Cliff listened to his neighbor’s advice and sat down on the bed. There was almost silence—his neighbor hummed—for what felt like an hour before the door at the end of the hall opened and someone began to walk towards the cell. Cliff remained seated until he saw a man wearing a police uniform appear before his cell.
“You doing all right in there?” the officer asked.
Cliff stood up and walked towards the bars. “I don’t know why I’m in here.”
“Don’t know why you’re in here?” the officer’s voice got louder. “Well, we’ve got a sign for that. It’s right here. Didn’t you notice it?”
The officer pointed to a sign that was posted to the wall that was parallel to the cell. It was white and written on it in black letters was:
Cliff read the sign a few times before responding to the officer.
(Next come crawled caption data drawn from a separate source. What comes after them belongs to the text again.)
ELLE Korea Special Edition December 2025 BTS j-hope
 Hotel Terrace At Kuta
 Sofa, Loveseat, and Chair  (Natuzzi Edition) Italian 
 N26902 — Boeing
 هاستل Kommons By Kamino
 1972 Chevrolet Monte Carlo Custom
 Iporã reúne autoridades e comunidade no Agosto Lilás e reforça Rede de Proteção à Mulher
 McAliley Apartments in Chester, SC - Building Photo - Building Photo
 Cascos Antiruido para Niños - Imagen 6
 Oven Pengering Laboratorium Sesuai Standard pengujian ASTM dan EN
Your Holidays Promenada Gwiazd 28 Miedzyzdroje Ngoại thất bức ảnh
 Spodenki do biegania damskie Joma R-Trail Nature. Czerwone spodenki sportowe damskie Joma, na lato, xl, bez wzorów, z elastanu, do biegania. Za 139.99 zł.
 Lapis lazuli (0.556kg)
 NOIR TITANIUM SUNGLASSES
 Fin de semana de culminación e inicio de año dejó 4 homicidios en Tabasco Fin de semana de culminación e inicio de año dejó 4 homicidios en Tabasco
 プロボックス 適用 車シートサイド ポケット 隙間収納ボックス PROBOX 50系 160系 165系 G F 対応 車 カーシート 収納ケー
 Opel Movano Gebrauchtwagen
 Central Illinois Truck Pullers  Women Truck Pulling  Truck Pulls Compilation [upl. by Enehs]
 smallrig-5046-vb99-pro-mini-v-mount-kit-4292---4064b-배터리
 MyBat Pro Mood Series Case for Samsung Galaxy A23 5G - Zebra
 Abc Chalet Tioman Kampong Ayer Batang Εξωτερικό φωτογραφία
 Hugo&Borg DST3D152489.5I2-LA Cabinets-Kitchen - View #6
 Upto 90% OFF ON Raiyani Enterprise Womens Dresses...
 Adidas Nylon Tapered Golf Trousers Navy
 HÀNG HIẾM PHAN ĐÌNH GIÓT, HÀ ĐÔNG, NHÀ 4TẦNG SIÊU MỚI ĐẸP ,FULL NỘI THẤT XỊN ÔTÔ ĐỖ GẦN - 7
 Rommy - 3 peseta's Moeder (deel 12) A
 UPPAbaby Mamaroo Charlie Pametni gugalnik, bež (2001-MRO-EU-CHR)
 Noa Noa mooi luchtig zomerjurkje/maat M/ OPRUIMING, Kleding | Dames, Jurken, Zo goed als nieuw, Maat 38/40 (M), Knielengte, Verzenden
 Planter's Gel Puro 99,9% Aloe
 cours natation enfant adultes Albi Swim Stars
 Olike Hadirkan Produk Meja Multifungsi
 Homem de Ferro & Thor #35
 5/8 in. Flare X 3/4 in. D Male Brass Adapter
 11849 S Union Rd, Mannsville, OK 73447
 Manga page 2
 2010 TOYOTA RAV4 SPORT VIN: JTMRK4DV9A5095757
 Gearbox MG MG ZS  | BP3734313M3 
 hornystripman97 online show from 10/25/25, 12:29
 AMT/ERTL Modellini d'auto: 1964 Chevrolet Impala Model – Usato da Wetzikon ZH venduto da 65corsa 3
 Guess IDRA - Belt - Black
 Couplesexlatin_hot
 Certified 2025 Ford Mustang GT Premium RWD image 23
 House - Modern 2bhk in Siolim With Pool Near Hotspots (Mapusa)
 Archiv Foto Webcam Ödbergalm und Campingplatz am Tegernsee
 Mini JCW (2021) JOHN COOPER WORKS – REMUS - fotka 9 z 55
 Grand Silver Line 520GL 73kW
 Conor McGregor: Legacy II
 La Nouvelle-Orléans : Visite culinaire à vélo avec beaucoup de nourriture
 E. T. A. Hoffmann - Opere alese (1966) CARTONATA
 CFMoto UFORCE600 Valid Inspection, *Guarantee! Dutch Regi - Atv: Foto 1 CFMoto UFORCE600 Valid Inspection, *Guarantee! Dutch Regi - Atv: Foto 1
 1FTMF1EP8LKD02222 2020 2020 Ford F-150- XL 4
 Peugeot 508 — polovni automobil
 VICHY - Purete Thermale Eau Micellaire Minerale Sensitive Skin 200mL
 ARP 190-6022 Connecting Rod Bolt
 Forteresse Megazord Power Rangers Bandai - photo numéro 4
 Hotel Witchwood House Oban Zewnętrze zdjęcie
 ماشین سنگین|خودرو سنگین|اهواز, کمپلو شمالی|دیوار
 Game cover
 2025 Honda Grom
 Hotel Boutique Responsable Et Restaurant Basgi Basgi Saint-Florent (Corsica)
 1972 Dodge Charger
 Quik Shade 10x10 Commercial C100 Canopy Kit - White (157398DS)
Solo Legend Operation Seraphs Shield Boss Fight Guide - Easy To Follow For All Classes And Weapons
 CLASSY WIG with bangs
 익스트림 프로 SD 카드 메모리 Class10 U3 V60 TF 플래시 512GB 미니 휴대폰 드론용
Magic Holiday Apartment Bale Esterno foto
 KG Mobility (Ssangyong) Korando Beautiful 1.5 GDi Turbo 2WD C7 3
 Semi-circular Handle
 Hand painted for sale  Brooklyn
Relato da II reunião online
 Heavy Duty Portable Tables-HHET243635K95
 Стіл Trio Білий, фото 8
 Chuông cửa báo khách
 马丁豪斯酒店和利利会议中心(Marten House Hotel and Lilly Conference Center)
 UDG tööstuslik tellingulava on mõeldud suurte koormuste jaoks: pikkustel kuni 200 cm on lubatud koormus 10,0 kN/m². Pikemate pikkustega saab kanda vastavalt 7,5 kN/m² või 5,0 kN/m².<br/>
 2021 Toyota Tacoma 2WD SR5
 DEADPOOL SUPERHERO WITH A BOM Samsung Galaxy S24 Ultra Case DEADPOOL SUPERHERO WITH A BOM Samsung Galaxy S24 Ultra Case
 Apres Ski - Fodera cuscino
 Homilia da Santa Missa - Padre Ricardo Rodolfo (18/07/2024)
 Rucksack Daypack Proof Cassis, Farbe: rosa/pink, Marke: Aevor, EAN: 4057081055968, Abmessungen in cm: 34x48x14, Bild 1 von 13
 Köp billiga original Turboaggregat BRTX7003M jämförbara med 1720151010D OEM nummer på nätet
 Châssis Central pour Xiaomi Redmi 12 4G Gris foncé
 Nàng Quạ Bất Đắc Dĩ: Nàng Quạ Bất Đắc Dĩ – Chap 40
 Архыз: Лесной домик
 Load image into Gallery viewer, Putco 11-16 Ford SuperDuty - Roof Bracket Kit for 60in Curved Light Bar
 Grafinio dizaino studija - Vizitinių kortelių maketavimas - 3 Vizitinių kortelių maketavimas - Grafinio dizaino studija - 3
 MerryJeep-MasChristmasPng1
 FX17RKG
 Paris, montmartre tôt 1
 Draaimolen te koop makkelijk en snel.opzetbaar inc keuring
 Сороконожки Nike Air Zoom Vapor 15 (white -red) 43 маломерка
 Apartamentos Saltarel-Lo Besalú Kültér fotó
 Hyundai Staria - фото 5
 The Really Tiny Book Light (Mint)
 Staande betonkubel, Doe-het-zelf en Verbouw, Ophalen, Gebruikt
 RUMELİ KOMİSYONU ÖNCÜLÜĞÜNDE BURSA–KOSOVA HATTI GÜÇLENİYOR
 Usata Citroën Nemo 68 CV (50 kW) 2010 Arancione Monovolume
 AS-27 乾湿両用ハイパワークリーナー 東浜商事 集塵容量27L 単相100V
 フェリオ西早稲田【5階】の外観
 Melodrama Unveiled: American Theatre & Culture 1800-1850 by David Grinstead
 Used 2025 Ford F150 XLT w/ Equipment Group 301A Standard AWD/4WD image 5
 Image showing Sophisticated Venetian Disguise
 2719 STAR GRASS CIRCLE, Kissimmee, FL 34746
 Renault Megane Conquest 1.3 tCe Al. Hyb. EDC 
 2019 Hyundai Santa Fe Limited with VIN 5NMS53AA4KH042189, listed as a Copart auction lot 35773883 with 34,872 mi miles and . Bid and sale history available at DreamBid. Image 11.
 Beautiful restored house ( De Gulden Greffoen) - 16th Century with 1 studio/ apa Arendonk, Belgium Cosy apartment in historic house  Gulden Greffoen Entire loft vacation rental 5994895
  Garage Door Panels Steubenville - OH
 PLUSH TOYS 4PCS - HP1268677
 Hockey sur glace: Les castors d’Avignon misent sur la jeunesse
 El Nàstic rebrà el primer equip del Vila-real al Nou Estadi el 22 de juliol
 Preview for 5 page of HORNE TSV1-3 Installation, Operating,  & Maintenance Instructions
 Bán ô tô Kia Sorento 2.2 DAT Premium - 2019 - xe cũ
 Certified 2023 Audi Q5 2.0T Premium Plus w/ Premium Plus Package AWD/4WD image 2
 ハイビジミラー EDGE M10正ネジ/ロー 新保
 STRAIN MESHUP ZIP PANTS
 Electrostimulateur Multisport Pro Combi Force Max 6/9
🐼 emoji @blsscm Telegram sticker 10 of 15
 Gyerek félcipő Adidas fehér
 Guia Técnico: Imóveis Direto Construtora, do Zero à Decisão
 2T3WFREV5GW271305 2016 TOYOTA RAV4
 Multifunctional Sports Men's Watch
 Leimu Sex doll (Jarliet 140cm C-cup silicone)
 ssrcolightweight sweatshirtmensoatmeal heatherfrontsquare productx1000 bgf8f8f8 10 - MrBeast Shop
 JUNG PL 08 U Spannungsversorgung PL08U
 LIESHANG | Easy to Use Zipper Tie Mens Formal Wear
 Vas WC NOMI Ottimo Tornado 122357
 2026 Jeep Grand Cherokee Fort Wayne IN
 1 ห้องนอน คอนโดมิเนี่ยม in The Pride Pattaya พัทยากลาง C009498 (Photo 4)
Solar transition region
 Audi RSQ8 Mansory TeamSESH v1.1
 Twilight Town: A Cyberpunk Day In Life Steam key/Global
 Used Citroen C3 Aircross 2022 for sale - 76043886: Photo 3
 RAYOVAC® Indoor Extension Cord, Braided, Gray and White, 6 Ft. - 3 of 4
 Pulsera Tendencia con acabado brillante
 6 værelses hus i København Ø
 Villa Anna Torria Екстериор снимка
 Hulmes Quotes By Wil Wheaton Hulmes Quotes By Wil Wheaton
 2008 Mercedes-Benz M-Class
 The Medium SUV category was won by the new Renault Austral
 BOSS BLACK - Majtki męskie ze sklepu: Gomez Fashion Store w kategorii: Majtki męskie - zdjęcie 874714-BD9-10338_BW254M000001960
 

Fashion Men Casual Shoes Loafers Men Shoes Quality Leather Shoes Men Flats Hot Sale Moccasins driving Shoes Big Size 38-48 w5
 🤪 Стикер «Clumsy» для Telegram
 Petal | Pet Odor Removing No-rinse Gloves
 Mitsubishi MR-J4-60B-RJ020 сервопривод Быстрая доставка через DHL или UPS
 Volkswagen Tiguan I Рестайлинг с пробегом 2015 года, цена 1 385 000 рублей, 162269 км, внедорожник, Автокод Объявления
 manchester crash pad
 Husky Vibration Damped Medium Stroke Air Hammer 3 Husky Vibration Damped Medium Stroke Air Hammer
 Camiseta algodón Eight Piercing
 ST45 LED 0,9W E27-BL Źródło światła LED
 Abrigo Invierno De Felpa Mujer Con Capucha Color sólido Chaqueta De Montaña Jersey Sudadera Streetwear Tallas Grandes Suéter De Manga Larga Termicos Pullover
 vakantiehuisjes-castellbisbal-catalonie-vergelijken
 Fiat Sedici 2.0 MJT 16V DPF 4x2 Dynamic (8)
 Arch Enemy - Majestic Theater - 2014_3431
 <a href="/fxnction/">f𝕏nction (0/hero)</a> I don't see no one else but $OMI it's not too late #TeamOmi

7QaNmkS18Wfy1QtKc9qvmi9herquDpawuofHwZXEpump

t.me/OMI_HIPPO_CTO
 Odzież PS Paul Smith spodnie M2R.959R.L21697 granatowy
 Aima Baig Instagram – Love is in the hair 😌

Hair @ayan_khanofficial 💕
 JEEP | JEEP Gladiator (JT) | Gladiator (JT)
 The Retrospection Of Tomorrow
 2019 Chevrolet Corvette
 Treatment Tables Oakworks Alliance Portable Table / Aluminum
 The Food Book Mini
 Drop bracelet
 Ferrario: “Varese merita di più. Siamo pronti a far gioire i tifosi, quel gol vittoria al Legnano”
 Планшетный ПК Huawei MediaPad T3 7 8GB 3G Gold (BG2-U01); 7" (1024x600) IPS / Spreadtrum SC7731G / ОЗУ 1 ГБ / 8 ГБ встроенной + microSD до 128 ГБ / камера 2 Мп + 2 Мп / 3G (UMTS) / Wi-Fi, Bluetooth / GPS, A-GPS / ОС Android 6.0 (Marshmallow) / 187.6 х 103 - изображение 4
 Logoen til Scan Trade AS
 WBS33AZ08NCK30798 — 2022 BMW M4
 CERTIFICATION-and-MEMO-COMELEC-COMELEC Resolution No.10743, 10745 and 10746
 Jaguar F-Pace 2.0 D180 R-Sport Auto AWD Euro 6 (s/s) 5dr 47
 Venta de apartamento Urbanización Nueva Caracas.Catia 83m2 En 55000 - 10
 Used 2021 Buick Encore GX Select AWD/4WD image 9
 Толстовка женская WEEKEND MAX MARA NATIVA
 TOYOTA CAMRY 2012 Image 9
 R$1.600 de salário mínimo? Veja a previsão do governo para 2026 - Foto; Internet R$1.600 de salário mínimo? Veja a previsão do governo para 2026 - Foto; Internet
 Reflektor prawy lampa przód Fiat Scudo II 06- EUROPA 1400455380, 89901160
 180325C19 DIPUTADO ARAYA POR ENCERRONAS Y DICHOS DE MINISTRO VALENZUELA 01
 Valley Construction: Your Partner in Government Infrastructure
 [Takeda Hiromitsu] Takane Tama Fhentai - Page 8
“I don’t know what I did. What crime did I commit? What are you charging me with?”
The officer stared at him. Cliff couldn’t read his face. There was slight expression there, but he didn’t know what it meant.
“Just keep reading the sign,” the officer said. “And let it remind you about why you’re here and how to stay out of places like this.”
The officer turned and began to walk back down the hall.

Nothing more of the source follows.